Question 153: Following the previous question, what must be true for the contract between Corp A and Corp B to be valid?

Director John must resign from Corp B.
At Corp B's board meeting, Director John's presence was not needed for a quorum and his vote was not needed for approval.
The contract must be approved by the SEC.
The contract must be fair, but Director John's vote in Corp B is allowed.

Explanation:

Since the Section 31 rules apply to Corp B, the contract must satisfy the four conditions of a self-dealing contract from Corp B's perspective. This includes the interlocking director's presence and vote not being necessary for approval.

Question 154: Director Mary holds 30% of Corp X and 40% of Corp Y. A contract is signed between the two companies. What is the status of this contract, assuming it is fair and reasonable?

Voidable at the option of Corp X.
Voidable at the option of Corp Y.
Voidable at the option of both corporations.
Valid.

Explanation:

Since Director Mary has a substantial interest in BOTH corporations, the general rule of Section 32 applies. As long as the contract is fair, reasonable, and not fraudulent, it is valid.

Question 155: When the self-dealing rules of Section 31 are applied to an interlocking director contract, which corporation is being protected?

The corporation where the director has a substantial interest.
The corporation where the director has a nominal interest.
Both corporations equally.
Neither corporation; the rule protects the director.

Explanation:

The law applies the stricter rules to the corporation where the director has less at stake (nominal interest), as this is the company more likely to be disadvantaged in the deal.

Question 156: A contract is made between Corp Prime and Corp Second. Director Lee sits on both boards. He owns 15% of Prime and 10% of Second. Which rule governs the contract?

The self-dealing rules of Section 31 for Corp Prime.
The self-dealing rules of Section 31 for Corp Second.
The general rule of Section 32.
The contract is invalid because the director owns stock in both.

Explanation:

Since Director Lee's interest is nominal (≤20%) in BOTH corporations, the exception is not triggered. The general rule applies, and the contract is valid if it is fair, reasonable, and not fraudulent.

Question 157: The primary purpose of the exception in Section 32 (applying Section 31 rules) is to:

Encourage directors to serve on multiple boards.
Prevent any and all contracts between related companies.
Protect a corporation from being disadvantaged when a common director's loyalty is presumed to be elsewhere.
Simplify the process for approving interlocking contracts.

Explanation:

The exception recognizes that when a director has a much larger stake in one company, their loyalty may be skewed. It imposes stricter validation requirements on the company where the director has less interest, to protect it from an unfair deal.

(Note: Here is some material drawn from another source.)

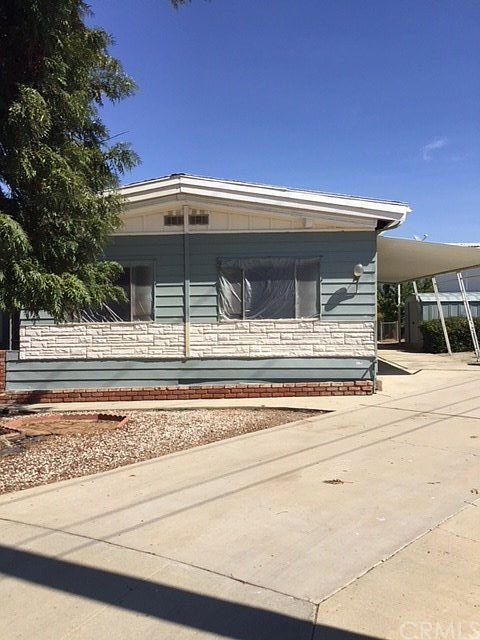 1st image of 26042 Seaforthia Palm Dr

Question 158: Director Anna owns 50% of Holding Corp and 1% of Operating Corp. A contract is made between them. At Operating Corp's board meeting, Anna's vote was necessary to approve the contract. What is the status of the contract?

Valid, because it was approved by Operating Corp's board.
Voidable, but can be ratified by a 2/3 vote of Operating Corp's stockholders.
Valid, because Anna only owns 1% of Operating Corp.
Void, and it cannot be ratified.

Explanation:

Anna has a substantial interest in Holding Corp and a nominal interest in Operating Corp. This triggers Section 31 rules for Operating Corp. Since her vote was necessary, the contract is voidable. It can be validated by a 2/3 vote of Operating Corp's stockholders, provided it is fair and she makes full disclosure.

Question 159: What happens if a contract between two corporations with an interlocking director is found to be fraudulent?

It remains valid if it was fair.
It is automatically invalid, regardless of the interlocking director's interest.
It can be ratified by the stockholders.
The interlocking director is automatically removed from both boards.

Explanation:

The general rule of Section 32 requires that the contract must not be fraudulent. If fraud is present, the contract is invalid on that basis alone.

Question 160: Director Cruz owns exactly 20% of Corp X and 25% of Corp Y. A contract is proposed between them. Which rule applies?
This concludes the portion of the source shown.